Over the decades of journey businesses and people engaged in data collection and management have seen Data Warehouses, Big Data, Data Lakes, Data Lakehouse, Multi Modal Data Lakes (thanks to cloud), Data Fabric, Data Mesh, Data Virtualization…the list just goes on, and in future might become even more lengthier.

The point is, you take any technology / solution the fundamental requirements / needs remain the same (points #a-#e, and three attributes mentioned in following paragraph of those points). However, with each subsequent iteration of data evolvement, in terms of size / volume, types of data, accessibility of data, and representation of data, the solutions have also evolved. Though, it is worth mentioning that no single data solution could qualify as panacea.

Over a period, the data creation or collection has increased exponentially thanks to data in form of devices emitting data, web / apps analytics needs, GPS etc. The fact of the matter is, data is collected to generate certain insights from it, apart from having a system of record or compliance. If that were true, then how we process data to serve the needs as stated above (#a-#e) are simply solution requirements, which have evolved because of volume and variety of data. Further compounded by geographical spread and statutory requirements, as enforced by various governments and related agencies.

For example, we have had data ingested by devices directly to cloud leading to need to powerful compute resources, and storage. Which over a period got an element of edge computing to ease out that load on cloud and make it pocket friendly to its users. The heterogenous data led to the need of a ‘store’ to quickly store the data and manage it efficiently. And so on.

Over time, we found that easy and secure accessibility to raw or processed data directly to its end users or users involved in generating insights is becoming a norm, or at least make more sense, as any intermediary solution results in loss of agility. What it also meant was that data should not be replicated to avoid silos and data integrity issues. Though, again, latter is a technical requirement, and not a business requirement.

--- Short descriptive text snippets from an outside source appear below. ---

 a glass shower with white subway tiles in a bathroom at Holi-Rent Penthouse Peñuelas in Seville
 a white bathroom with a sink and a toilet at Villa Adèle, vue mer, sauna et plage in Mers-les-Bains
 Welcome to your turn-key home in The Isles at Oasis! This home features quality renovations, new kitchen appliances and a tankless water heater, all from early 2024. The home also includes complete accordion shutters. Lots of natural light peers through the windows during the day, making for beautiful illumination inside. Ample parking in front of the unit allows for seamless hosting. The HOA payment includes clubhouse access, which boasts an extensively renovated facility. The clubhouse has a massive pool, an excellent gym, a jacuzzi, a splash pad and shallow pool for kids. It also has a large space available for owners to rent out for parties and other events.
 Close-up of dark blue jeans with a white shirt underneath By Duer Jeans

As evident these complications are from solutioning perspective though fundamental requirements have not changed (points #a-#e). Therefore, the discussions around whether we go for Virtualization, Data Fabric, Data Mesh, Data Lake…are something that an end user must not bother about. Whether it is one or some combination of available techniques and technologies that make sense from a solutioning perspective, why should it matter to me as an end user? As an end user I am least bothered, how my requirements are fulfilled (if those are fulfilled ethically).

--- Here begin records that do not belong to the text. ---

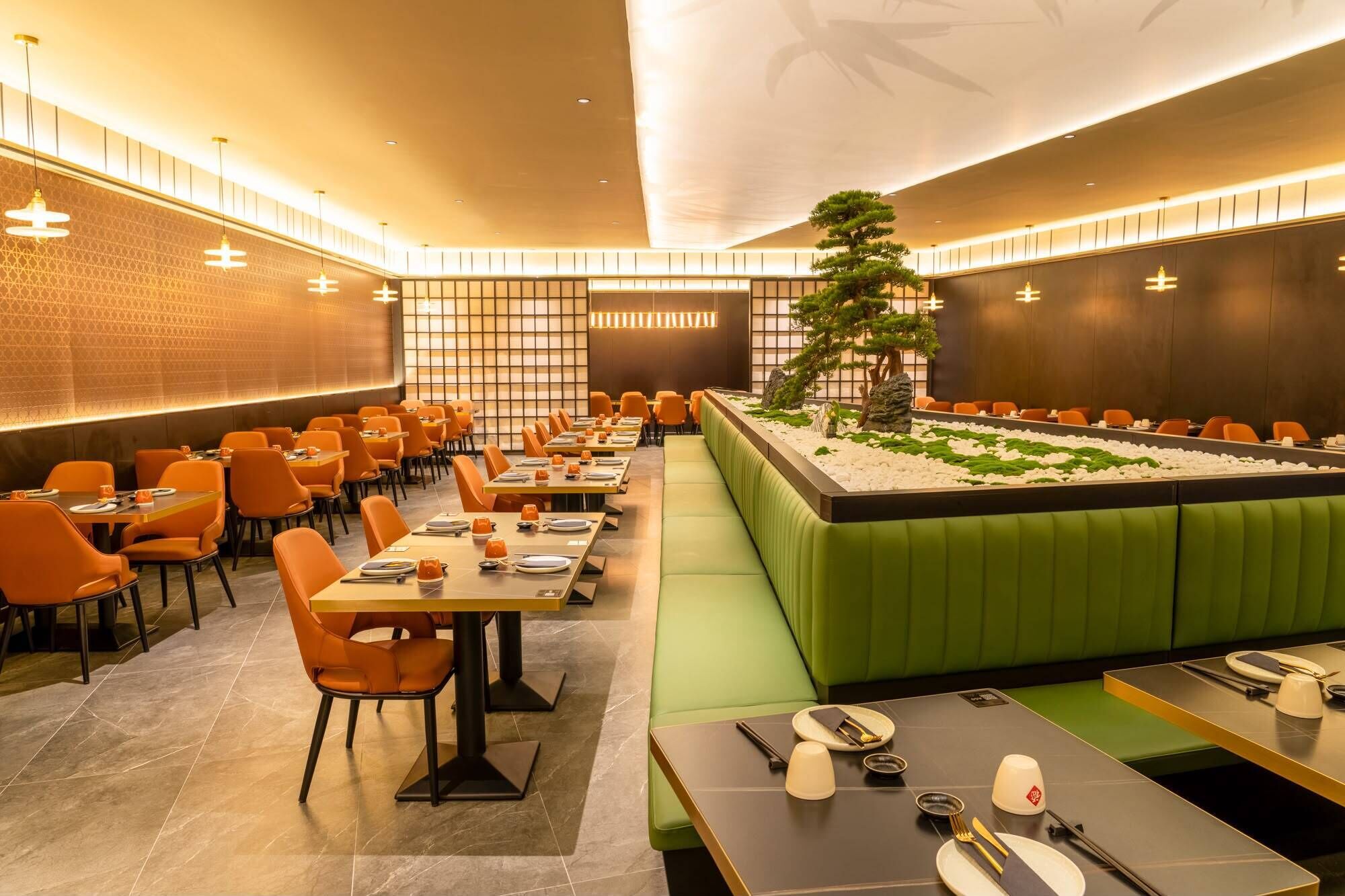 A restaurant with a long dining table, orange chairs, and a green booth area.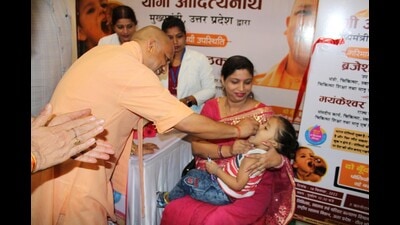U.P. chief minister Yogi Adityanath administering a polio drop to a kid at an event in Lucknow on Sunday. (Sourced) U.P. chief minister Yogi Adityanath administering a polio drop to a kid at an event in Lucknow on Sunday. (Sourced)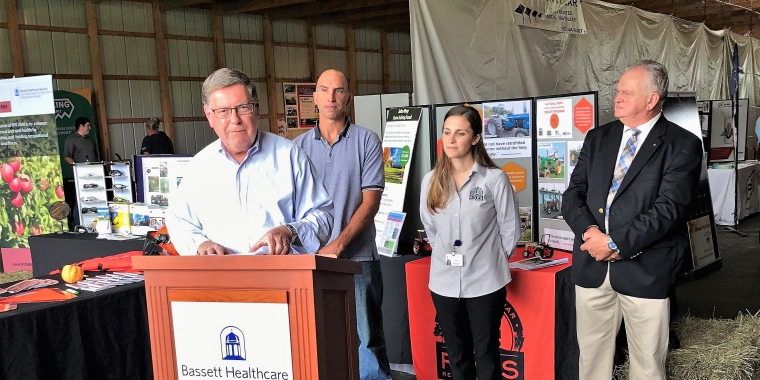 Senator James L. Seward announces a $250,000 state budget award for the continuation of the New York Rollover Protection System (ROPS) Rebate Program. From left, Senator Seward, Burlington Flats farmer Matthew Reinert, ROPS Hotline Coordinator Rebecca Russell, CNY Farm Progress Show President Dick Presky.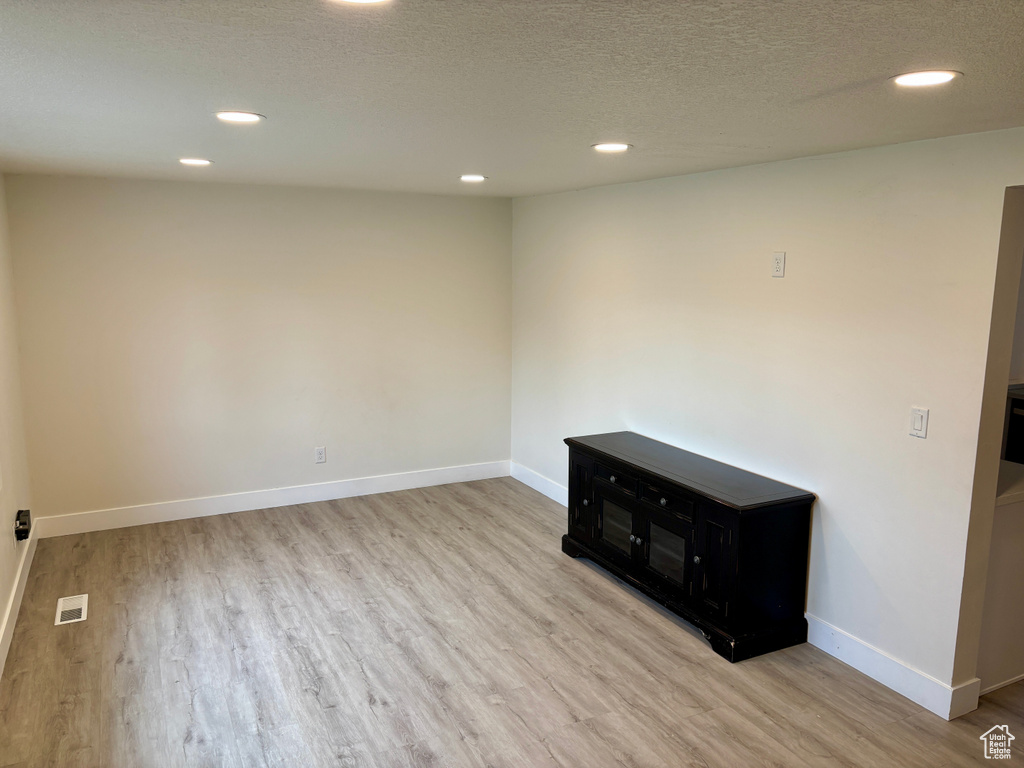 Unfurnished room with wood finished floors, recessed lighting, baseboards, and a textured ceiling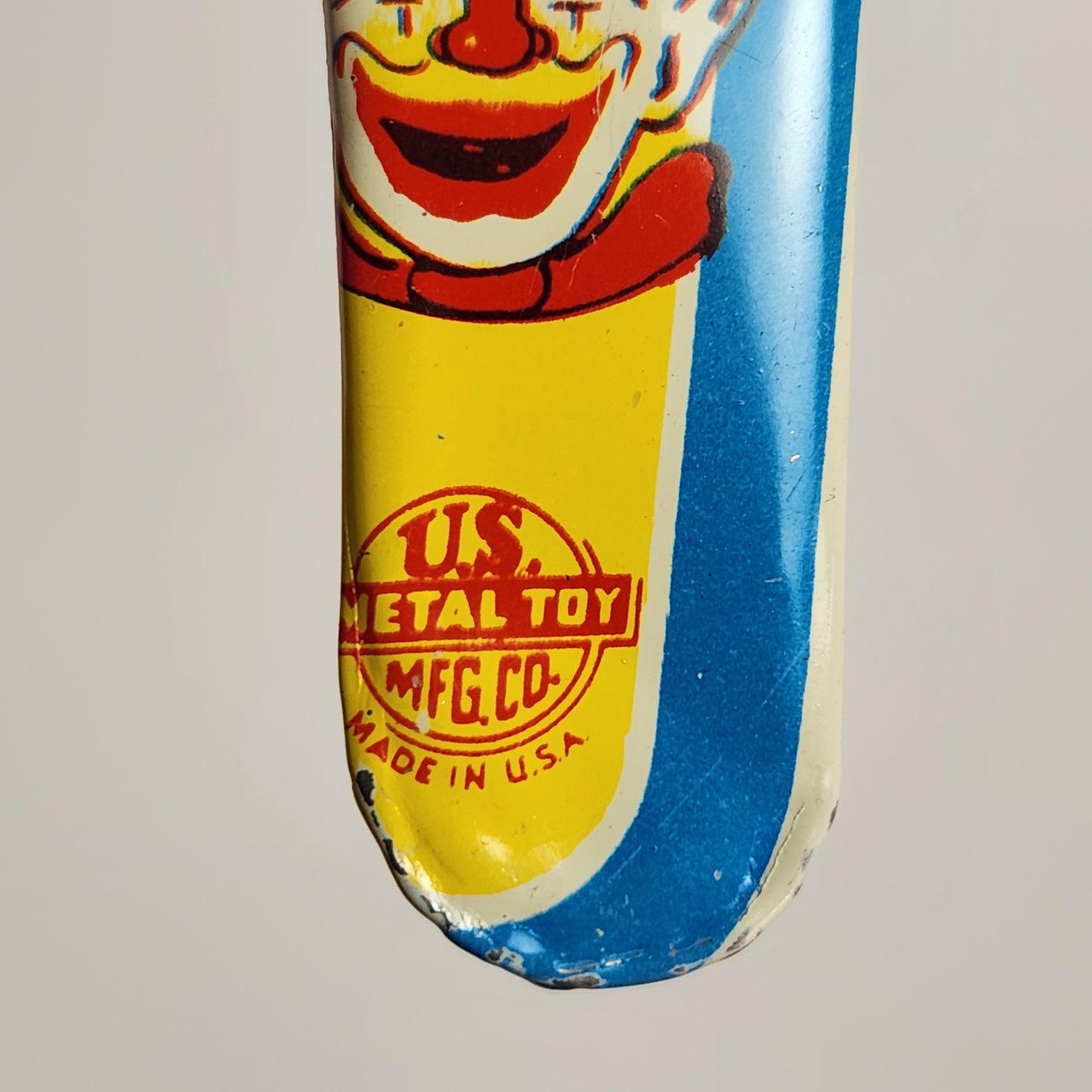 US Metal Toy Manufacturing Company - Tin Lithographed Clown Noisemaker Toy
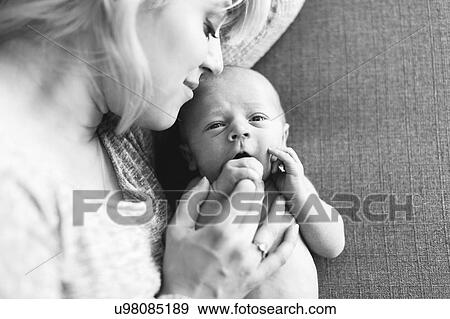 Mother holding one day son (0-1 months) View Large Photo Image Stock Photo - Mother holding one day son (0-1 months). Fotosearch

The problem arises when solution experts try to hide behind buzz words / jargons to fulfill their objectives. I believe that is where the ‘Ethical’ part comes into play. Now, without getting sucked into ethics and its implications etc., let’s briefly see what each of these technology trends mean to us.

Broadly, there are three parts to any data journey,

1)????Creation / Ingestion or Accessibility of Data,

2)????Data Management, or governance, and

3)????Data Consumption / Exposure

Therefore, a technology / tool / framework could either be addressing a part, or all parts of this journey. Nonetheless, those revolve around these three aspects of data journey.

A Data Fabric based solution would need to provide how the multiple (possibly disparate) data stores are integrated, such that those can fulfill the data requirements in an integrated manner, transparently. Whether behind the scenes, it runs certain ETL processes, enforce certain policies or create certain batch jobs to provide the required data view / access, all those are transparent to the end user.

Similarly, it may enforce certain policies for data access, rendering, compliance to statutory requirements in form of GDPR, HIPAA, FCRA etc., the fact of the matter is the data is secured when in rest, and when in motion, and is only accessible to authorized user as per assigned privileges. Of course, it would involve policies around retention, archival, deletion etc., however, once again, those are transparent to the end user.

Lastly, the data needs to be consumed to generate insights. Perhaps, those are provisioned based on roles, and granularity, and takes into consideration the support to underlying technology and extensibility of that interface too. For example, it may canned views, insights, catalogs as per roles, like, Business Analyst, Developer, Scientist etc., and support Low / No Code technologies.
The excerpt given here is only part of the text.